TASK INPUT »

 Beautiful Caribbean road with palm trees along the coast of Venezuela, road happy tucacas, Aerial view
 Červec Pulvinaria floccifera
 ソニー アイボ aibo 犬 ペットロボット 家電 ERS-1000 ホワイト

---

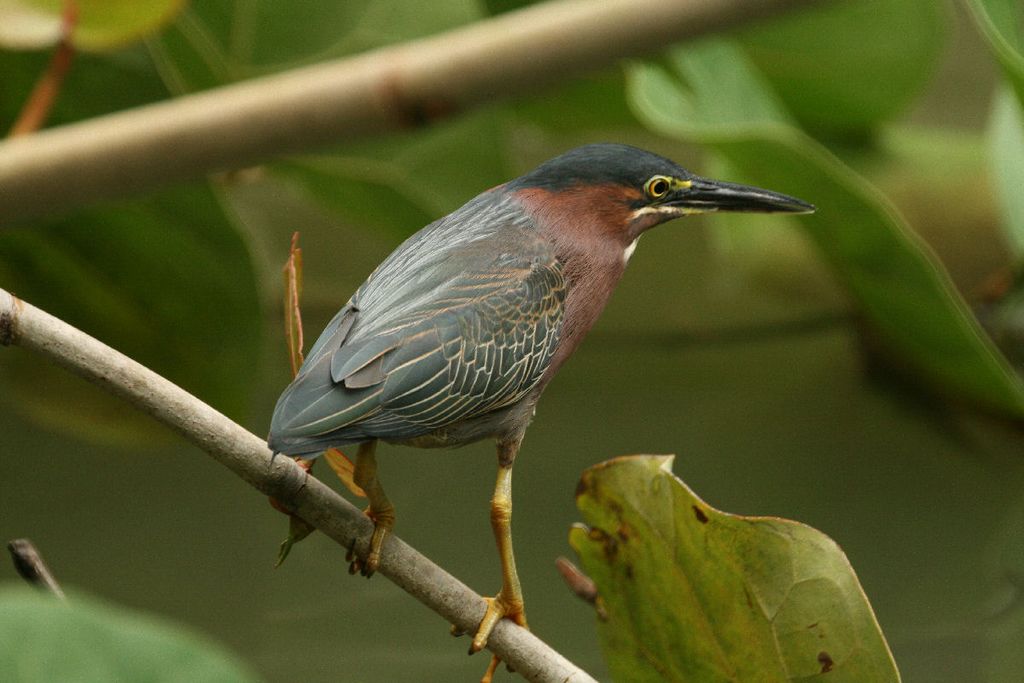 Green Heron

AIM OF THE TASK » Print, from the entries above, the line with "Beautiful Caribbean road", the line with "ソニー アイボ aibo 犬 ペットロボット 家電 ERS-1000 ホワイト" and all lines between them, exactly and with nothing else.

THE COMPLETED TASK »
 Beautiful Caribbean road with palm trees along the coast of Venezuela, road happy tucacas, Aerial view
 Červec Pulvinaria floccifera
 ソニー アイボ aibo 犬 ペットロボット 家電 ERS-1000 ホワイト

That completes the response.